Un sparadrap à cinq milliards

Un sparadrap à cinq milliards

C’était il y a quinze ans, et pourtant « l’affaire Kerviel », du nom du trader qui lui a fait perdre des milliards, poursuit encore aujourd’hui la Société Générale.

Pour preuve, en février 2023, la presse en refait ses gros titres lorsque Jérôme Kerviel porte plainte contre la banque. Il accuse son ancien employeur d’avoir trompé la justice, en omettant de l’informer qu’elle avait récupéré 1,7 milliard des quelque 5 milliards de pertes que la banque lui impute. En réaction, la Société Générale le poursuit pour « dénonciation calomnieuse ».

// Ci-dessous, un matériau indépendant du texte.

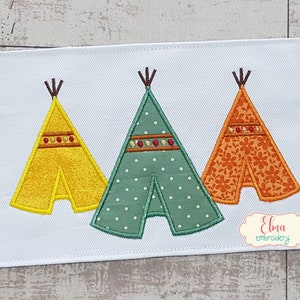 Puede incluir: Tres tipis bordados en amarillo, verde y naranja con detalles marrones. Los tipis están sobre un fondo blanco con el texto "Elma embroidery" en rosa.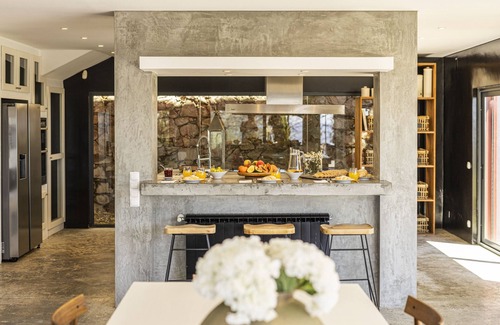 Monserrate Villa | Escape to Carmim Villa: Private Pool & Family-Friendly Fun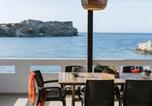 Location vacances Γαζι - Beach front apartment with swimming pool-3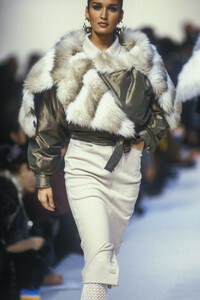 angelo-tarlazzi-fw-1992-1.thumb.JPEG.c938fdf79e4ae3fc49f60af6f6a1d409.JPEG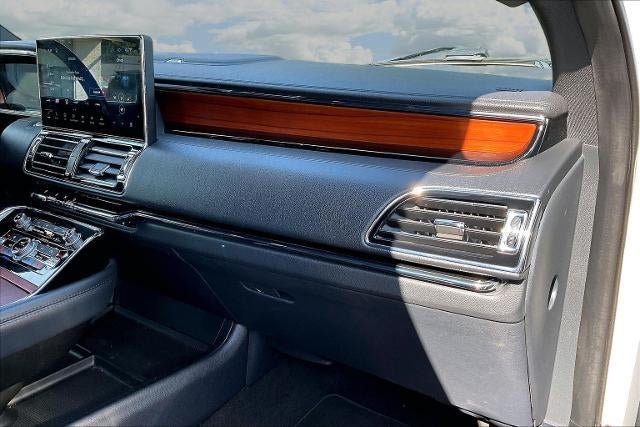 Used 2022 Lincoln Navigator Reserve AWD/4WD image 26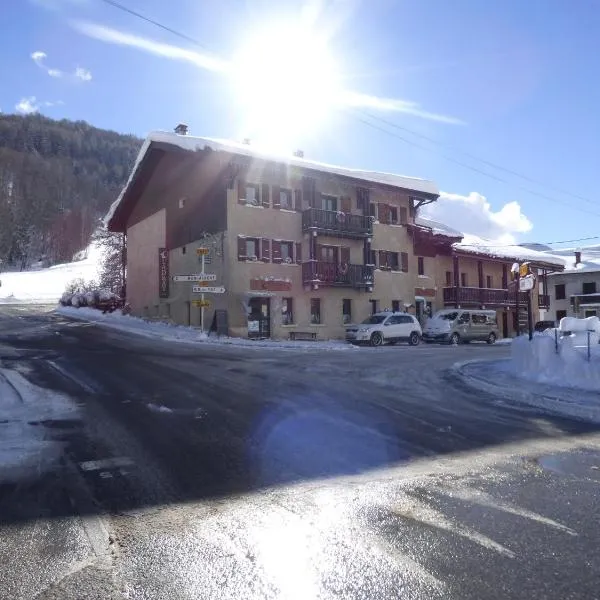 Hôtel et Appart'Hôtel Restaurant L'Adray: Mâcot La Plagne şehrinde bir otel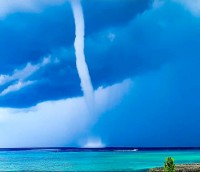 Impressive Waterspout Approaches Capital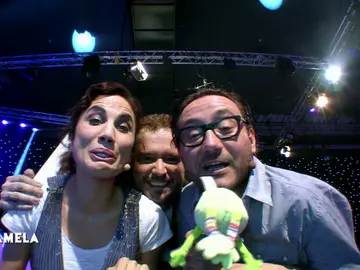 Carlos Santos, Toni Acosta y El Monaguillo hacen llorar al bebé Carlos Santos, Toni Acosta y El Monaguillo hacen llorar al bebé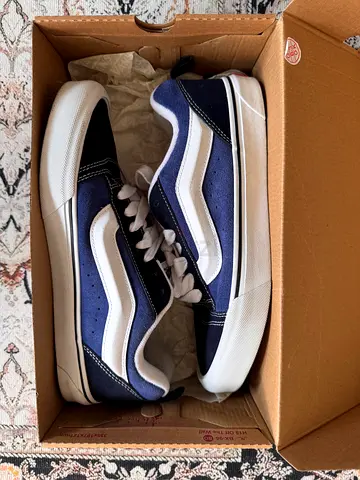 Brand New Knu skool Vans Sneakers - Size 10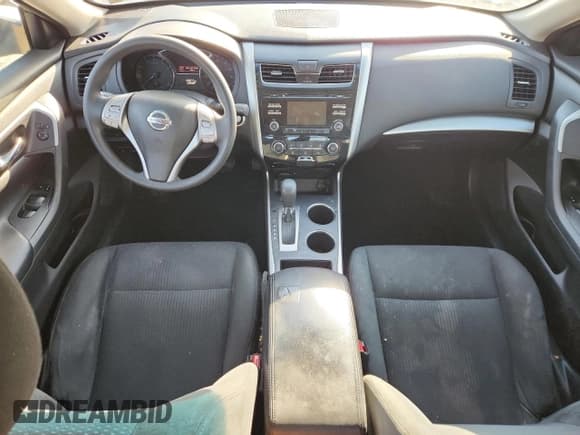✅ 2015 Nissan Altima 2.5 • VIN: 1N4AL3AP2FC588277 • Lot: 92971175. Listed on Copart with 135,077 mi. Free auction sales archive from the USA and detailed vehicle history report at DreamBid. Image 8.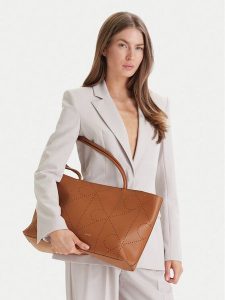 Calvin Klein Torebka Emblem Aop Perfor Lthr Tote LV04F3359G Brązowy. Brązowe shopper bag Calvin Klein, bez wzorów, ze skóry, bez dodatków. Za 663,99 zł.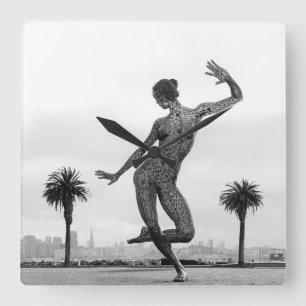 Die Stärke einer Frau Quadratische Wanduhr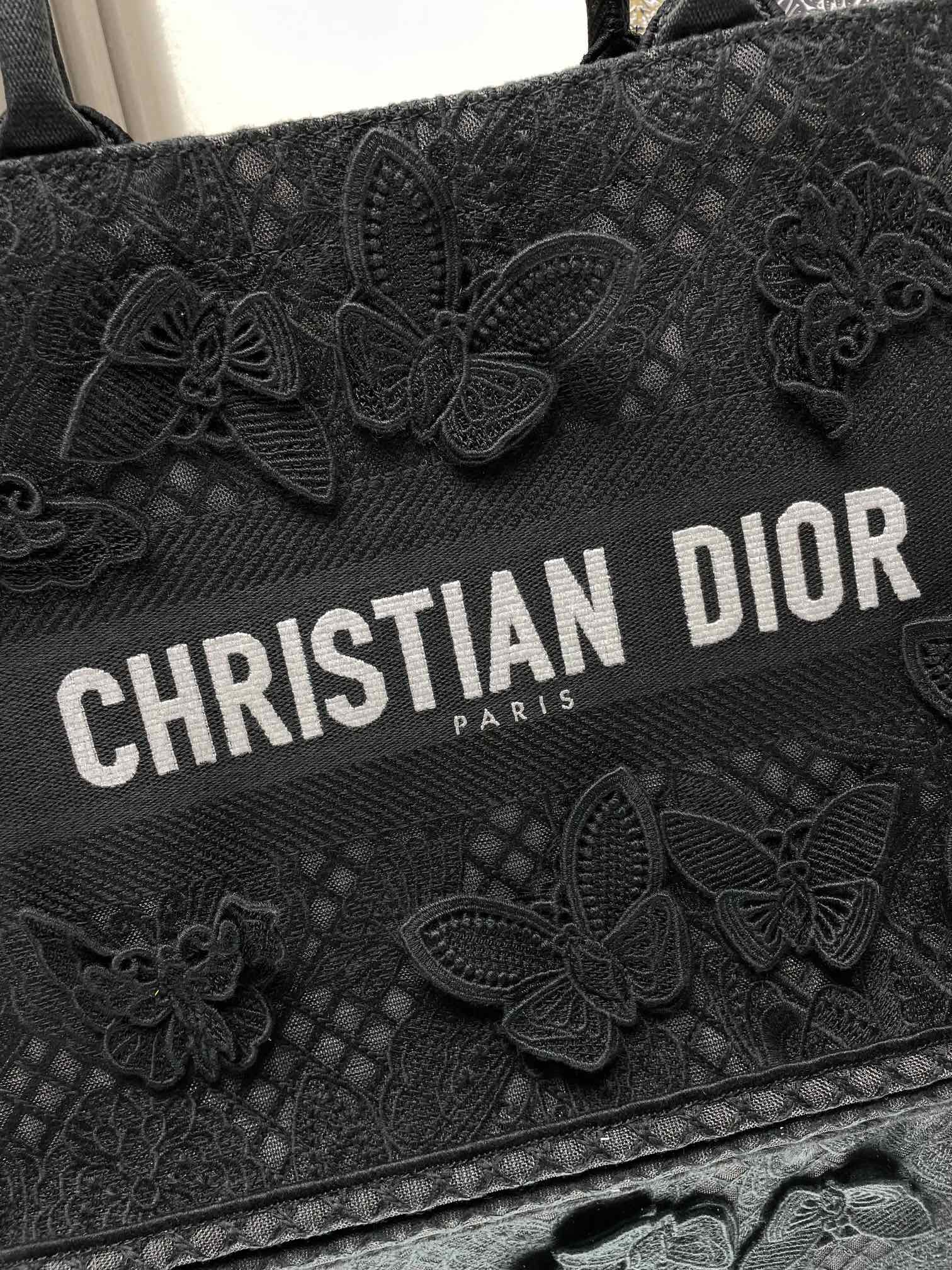 Dior 专柜款经典手袋 2
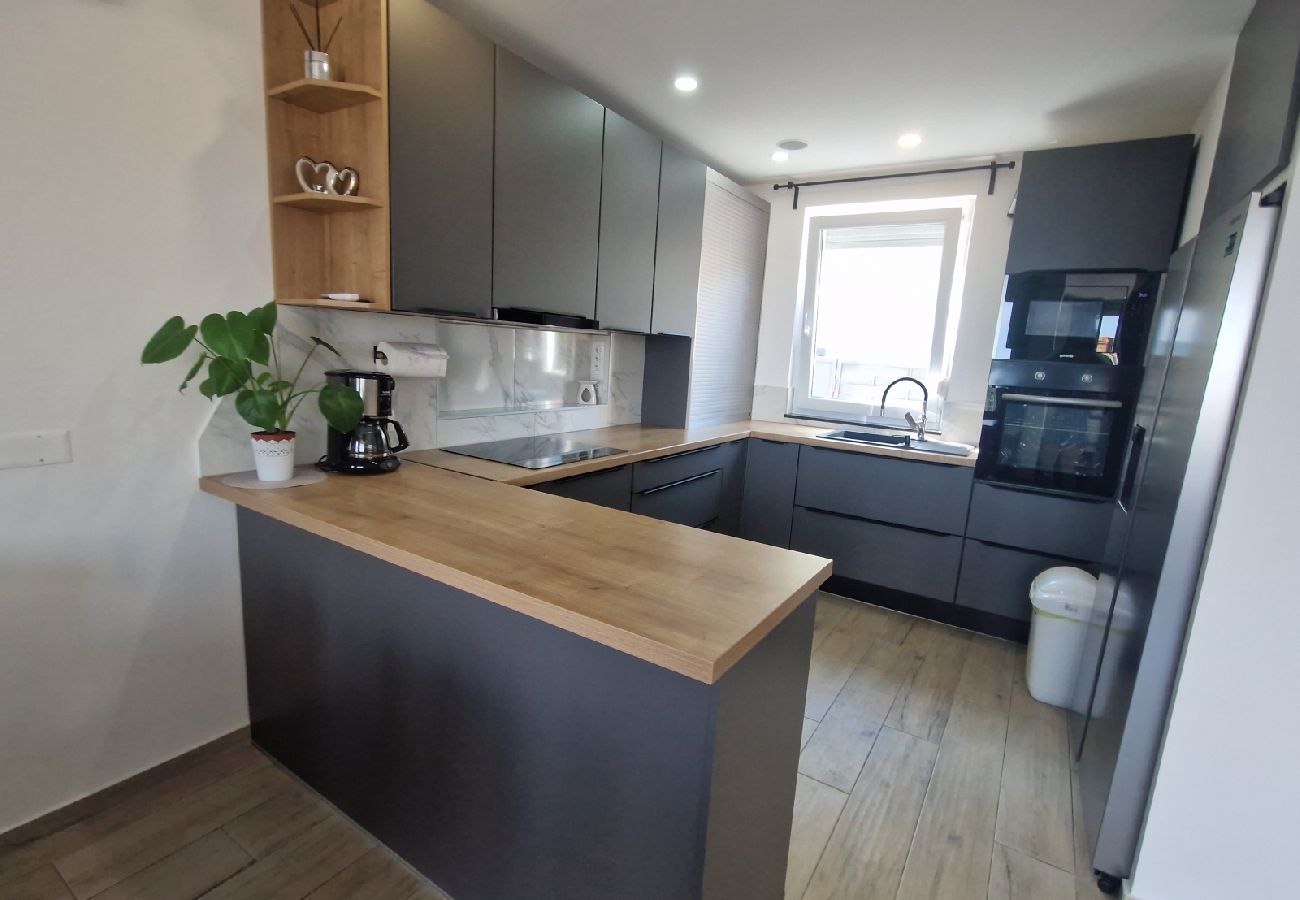 Apartament w Opatija - Apartament w Opatija z Widok na morze, balkon, Klimatyzacja, WIFI (5221-1)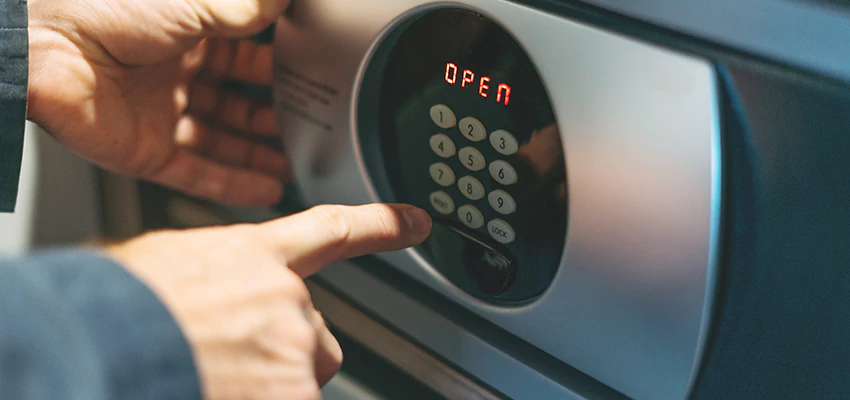 Cash Safe Openers in Coral Springs, Florida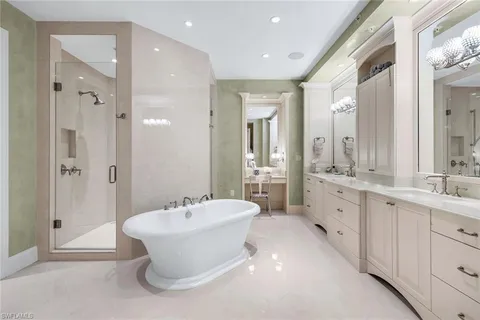 $4,750,000 | 4971 Bonita Bay Boulevard, Unit PH2604, Bonita Springs, FL 34134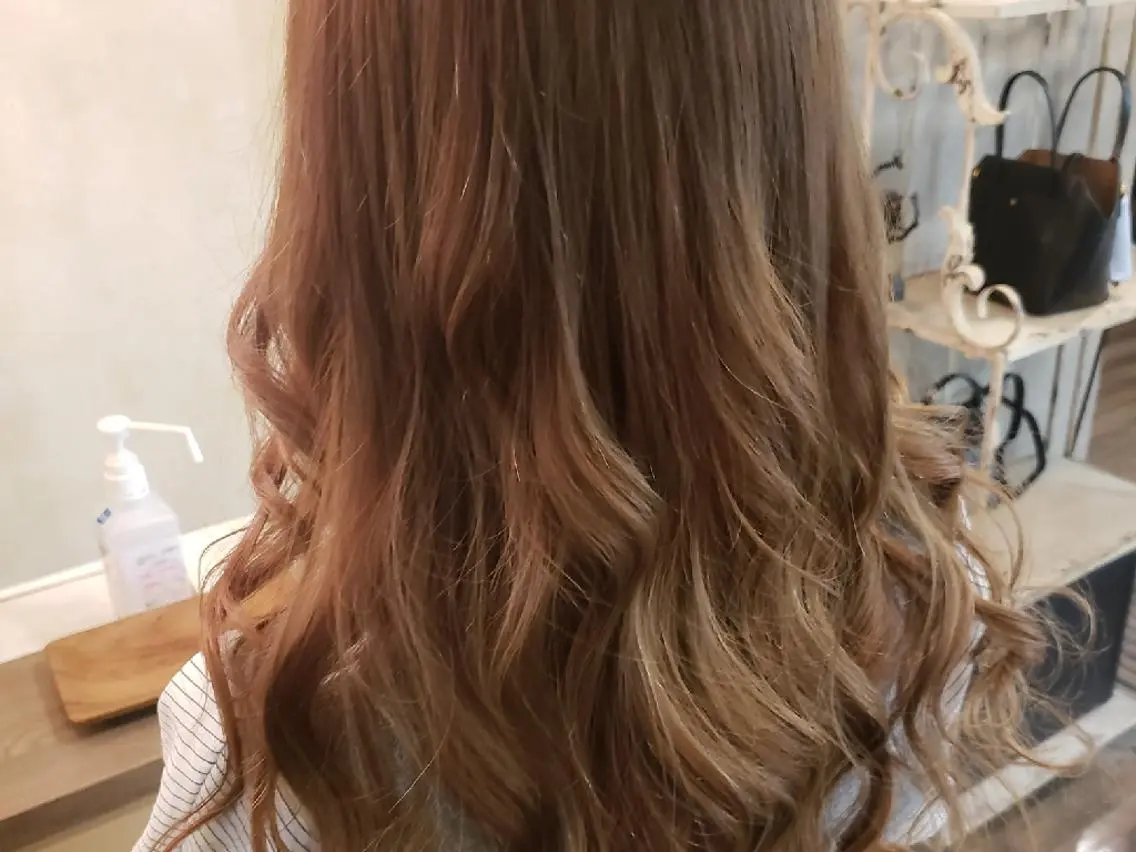セミロング カラー イルミナカラー Magic Mush のヘアスタイル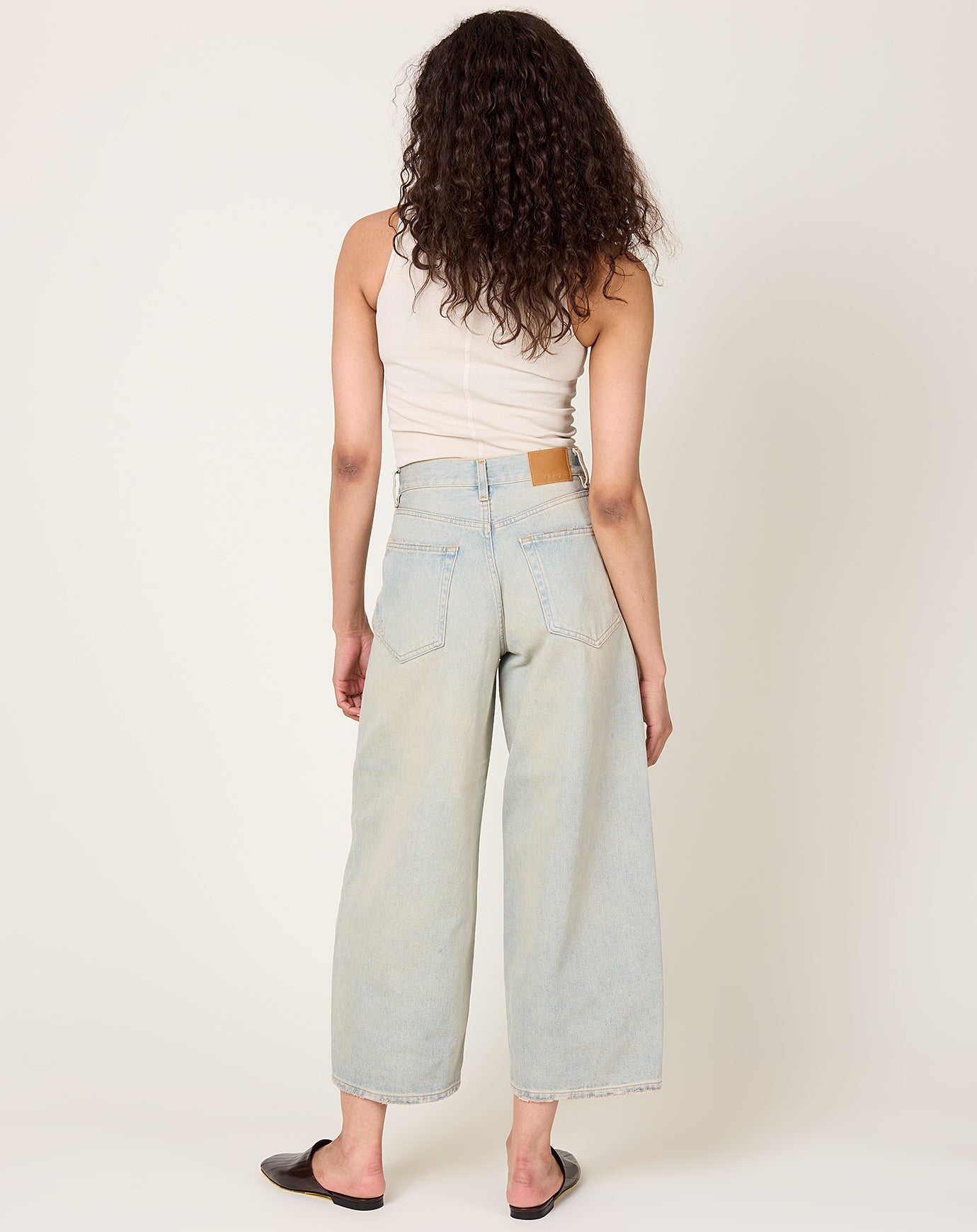 6397 Cropped Roomy Jean in Geyser Blue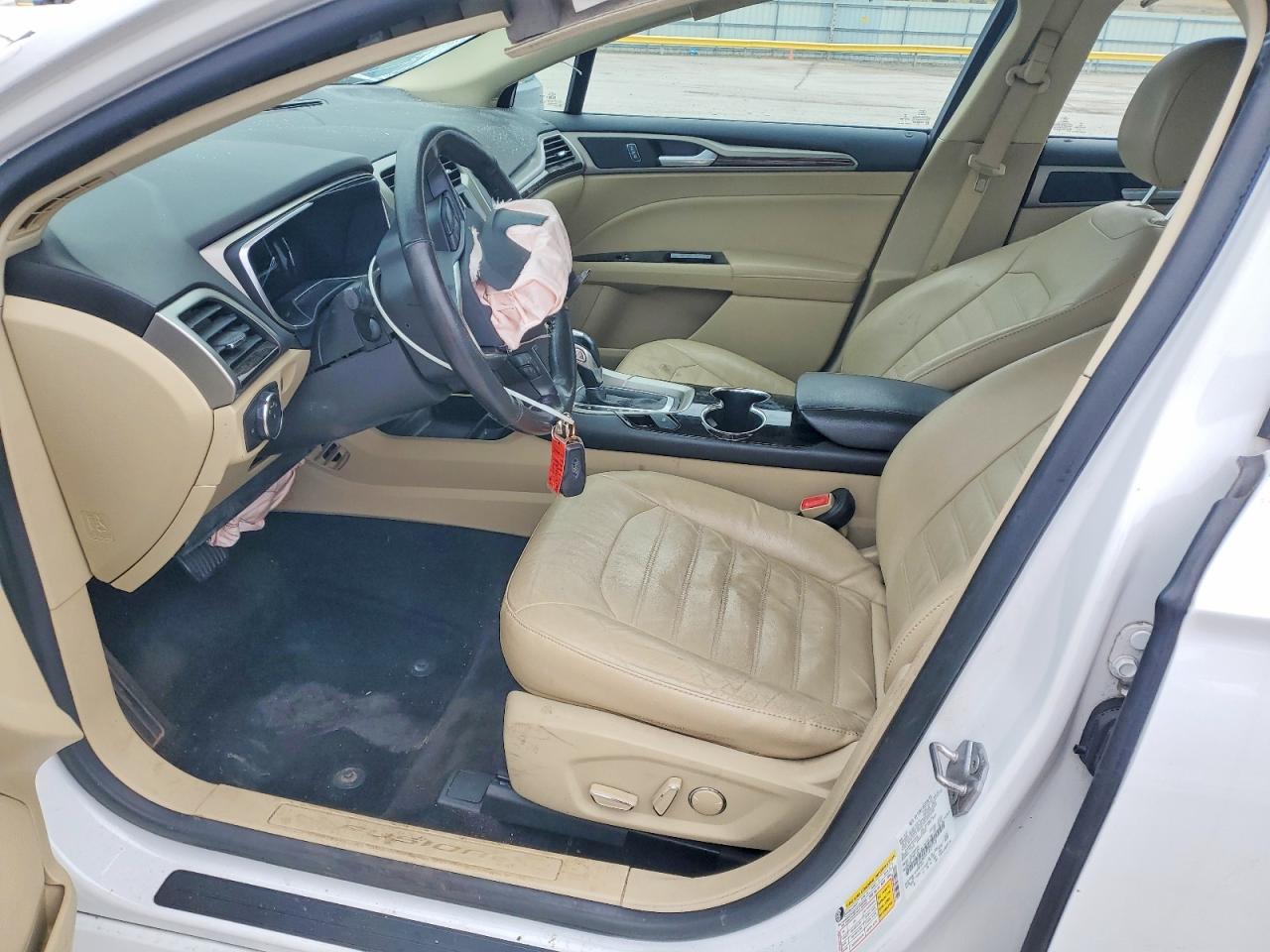 2014 FORD FUSION SE photo 7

Encore un procès ; cela n’en finira-t-il donc jamais ? Le 1er janvier 2023, le groupe, qui a fusionné avec le Crédit du Nord, en profite pour tourner la page pour de bon.

Comme souvent, cet objectif se traduit par un changement de nom. Sans révolution : désormais, la banque devient SG. Impossible de déterminer le poids du boulet Kerviel, mais on se souvient du Crédit Lyonnais, rebaptisé LCL après l’affaire Tapie.

Ce qui lui avait plutôt réussi. Son lien avec l’entrepreneur vedette des années quatre-vingt s’est estompé dans les mémoires. Mais pourquoi donc Jérôme Kerviel persiste-t-il sur la rétine de l’opinion ?

Sans doute à cause d’une erreur initiale de ses dirigeants : la Société Générale a cru bien faire en faisant porter la responsabilité de la fraude sur un seul individu, en livrant son nom et son pedigree. Elle a ainsi incarné la crise.

Toute personnalisation donne un relief particulier, fixe l’opinion sur une personne, pour le pire et le meilleur. L’oubli devient encore plus difficile. Les « méchants » de l’histoire sont toujours mémorables. L’affaire Tapie a d’ailleurs fait l’objet d’une série Netflix. Gare au retour de bâton pour le Crédit Lyonnais. La fiction peut avoir davantage de poids que l’actualité pour redorer – ou saper – une image.